**WORK TO BE COMPLETED**
The lines below starting at the line containing "凉菜-祥盛隆羊汤馆(芙蓉店)" and ending at the line containing "Georgia – España" are to be repeated exactly, with both ends kept and nothing else added.

**MATERIALS PROVIDED**
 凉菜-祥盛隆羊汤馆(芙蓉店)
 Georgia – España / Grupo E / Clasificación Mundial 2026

...

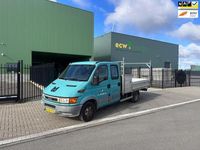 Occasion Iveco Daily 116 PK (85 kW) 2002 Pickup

* * *

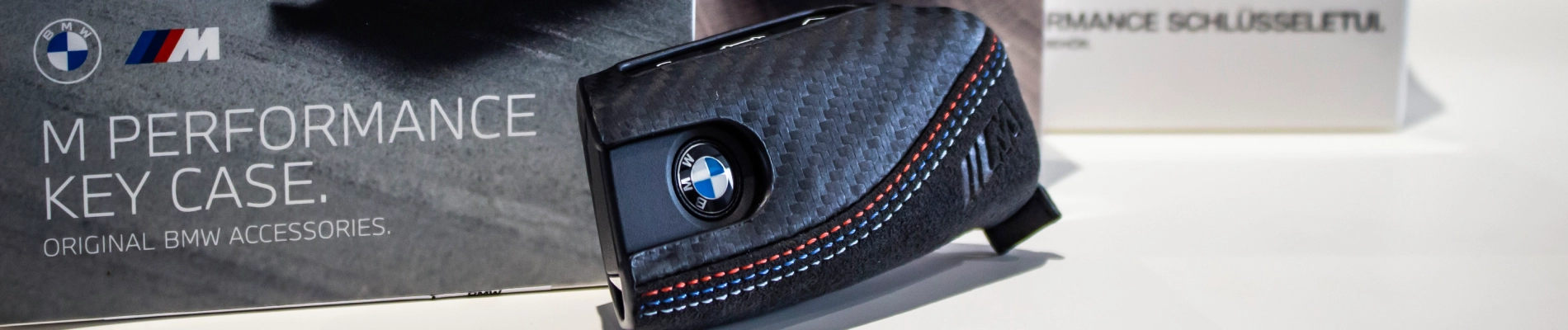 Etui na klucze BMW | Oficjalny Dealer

**WRITTEN SOLUTION**
 凉菜-祥盛隆羊汤馆(芙蓉店)
 Georgia – España / Grupo E / Clasificación Mundial 2026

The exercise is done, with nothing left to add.